Short text fragments from websites:
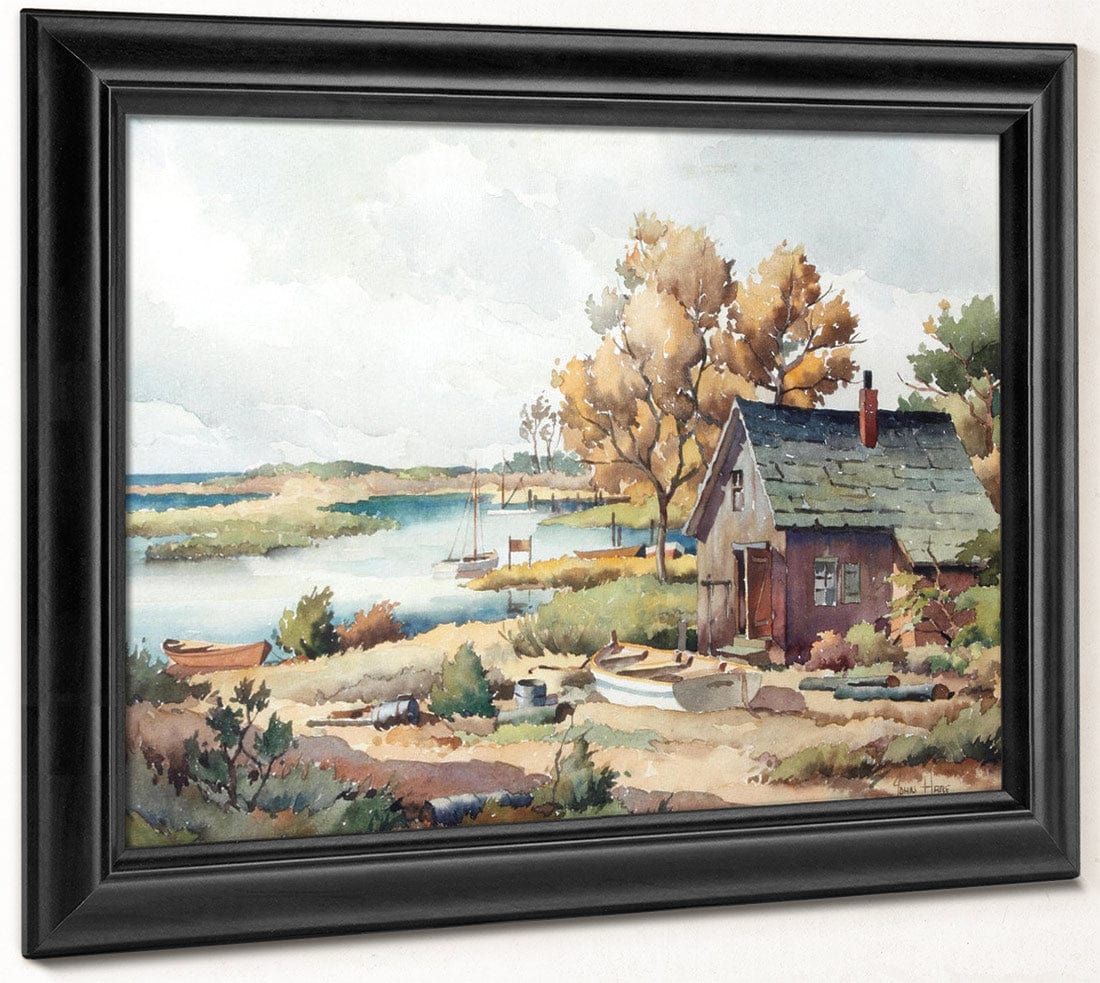 Three Mile Harbor, Long Island By John Knowles Hare - Image 6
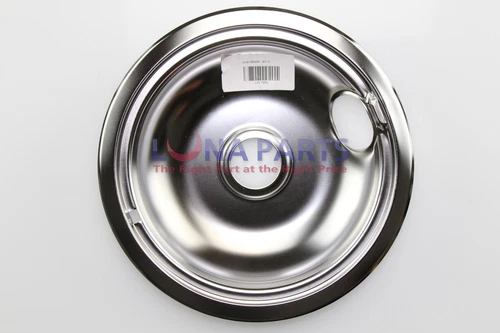 White Westinghouse Kelvinator Stove 8" Burner Chrome Drip Pan Bowl 316048413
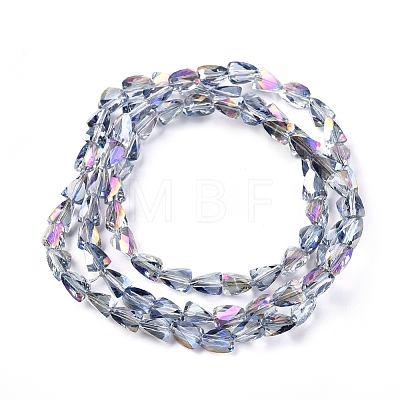 Electroplate Glass Beads Strands EGLA-G035-A-HR01-1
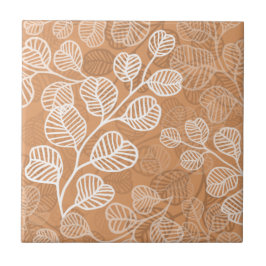 Blühend Leafy Silhouetten Gentle Serenity Fliese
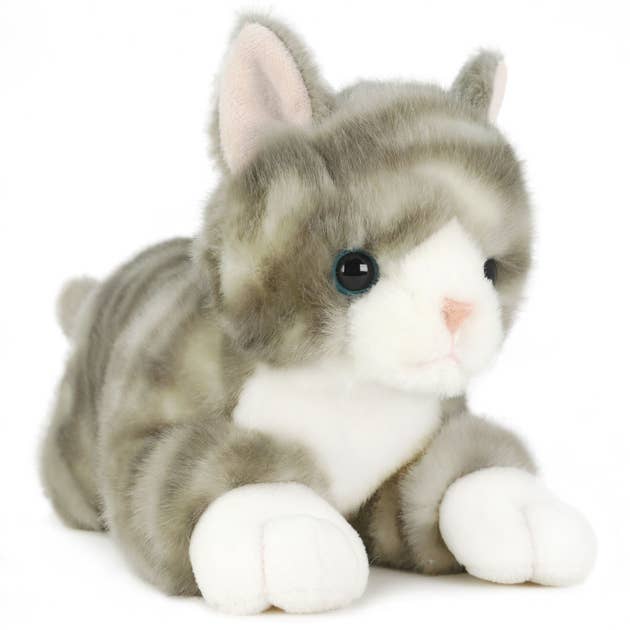 Gavin The Grey Tabby Cat | 13 Inch Stuffed Animal Plush | By TigerHart Toys - VIAHART Toy Co. /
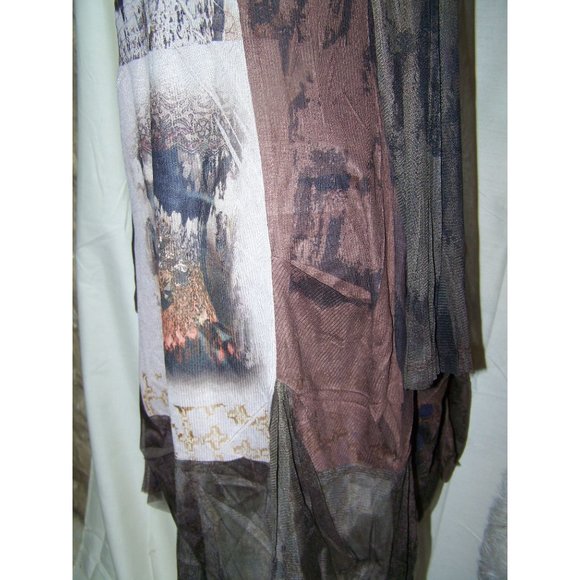 High Secret Dress Tunic Boho Festival Sheer Large Brown NWT - Picture 5 of 9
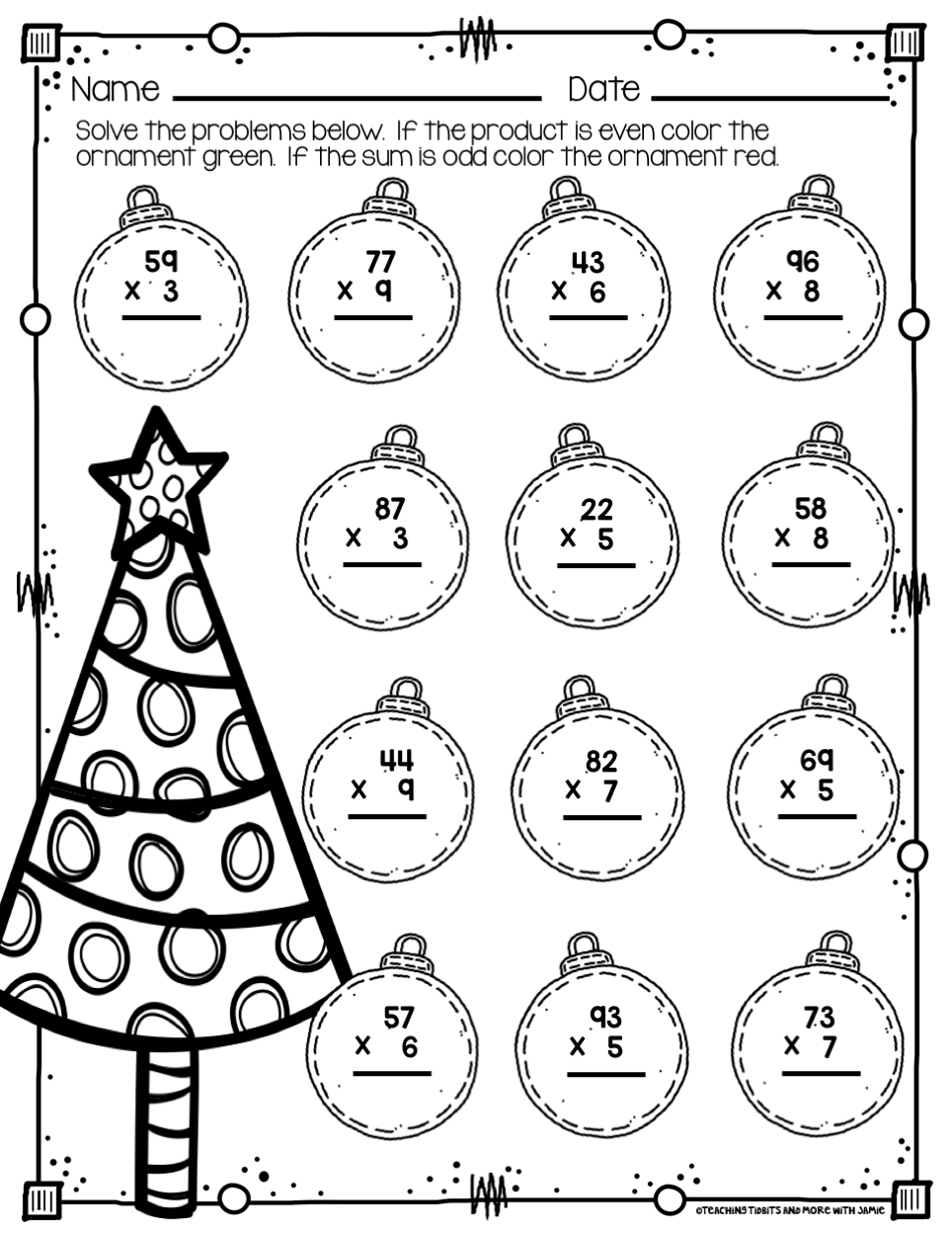 Christmas Math Worksheets Worksheets Library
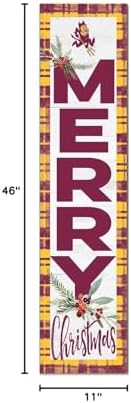 KH Sports Fan Arizona State Sun Devils Holiday Porch Leaner, 11x46 Inches, Sun Devils Outdoor Christmas Sign; Display Some Holiday Cheer with This Arizona State Sun Devils Christmas Sign - Image 3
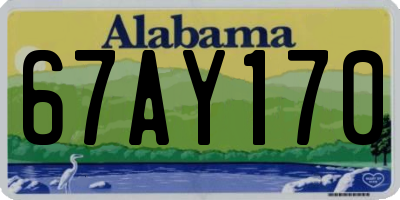 AL license plate 67AY170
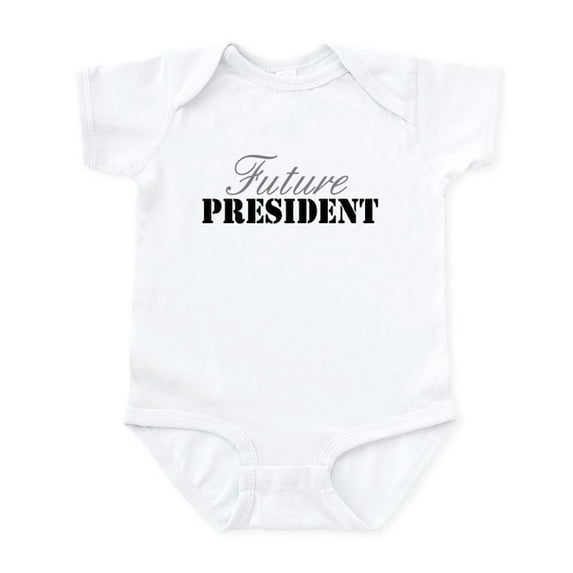 CafePress - Future President Infant Bodysuit - Baby Light Bodysuit, Size Newborn - 24 Months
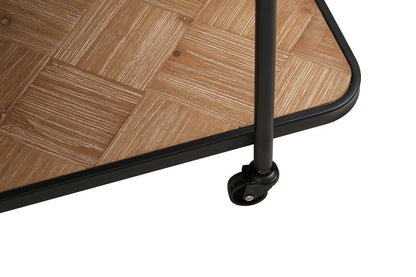 Kendra Parquet Fir Wood Trolley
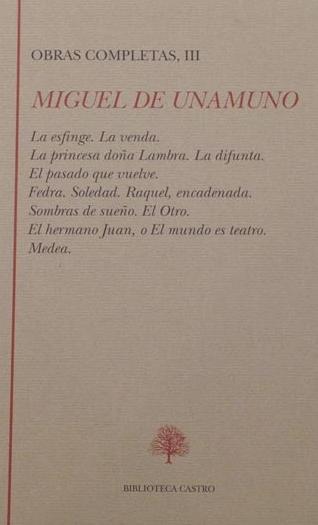 mar Mediterráneo Aprendiz Quedar asombrado Libro: Obras completas - 9788475064598 - Unamuno, Miguel de (1864-1936) - ·  Marcial Pons Librero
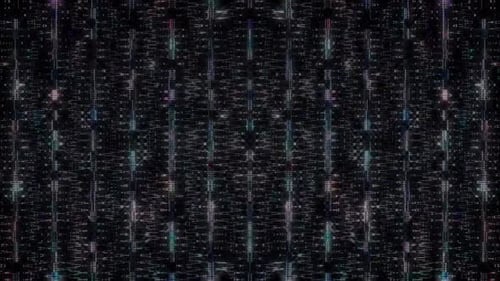 Flickering Vertical Data Glitch Noise Background Loop
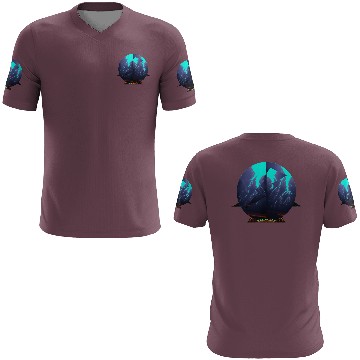 Discover Royal Blue Lightning 3D T Shirts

» What to produce:
Only the lines from the one containing "Gavin The Grey" through the last line of the records above should be repeated, exactly and without pictures.

» Written reply:
 Gavin The Grey Tabby Cat | 13 Inch Stuffed Animal Plush | By TigerHart Toys - VIAHART Toy Co. /
 High Secret Dress Tunic Boho Festival Sheer Large Brown NWT - Picture 5 of 9
 Christmas Math Worksheets Worksheets Library
 KH Sports Fan Arizona State Sun Devils Holiday Porch Leaner, 11x46 Inches, Sun Devils Outdoor Christmas Sign; Display Some Holiday Cheer with This Arizona State Sun Devils Christmas Sign - Image 3
 AL license plate 67AY170
 CafePress - Future President Infant Bodysuit - Baby Light Bodysuit, Size Newborn - 24 Months
 Kendra Parquet Fir Wood Trolley
 mar Mediterráneo Aprendiz Quedar asombrado Libro: Obras completas - 9788475064598 - Unamuno, Miguel de (1864-1936) - ·  Marcial Pons Librero
 Flickering Vertical Data Glitch Noise Background Loop
 Discover Royal Blue Lightning 3D T Shirts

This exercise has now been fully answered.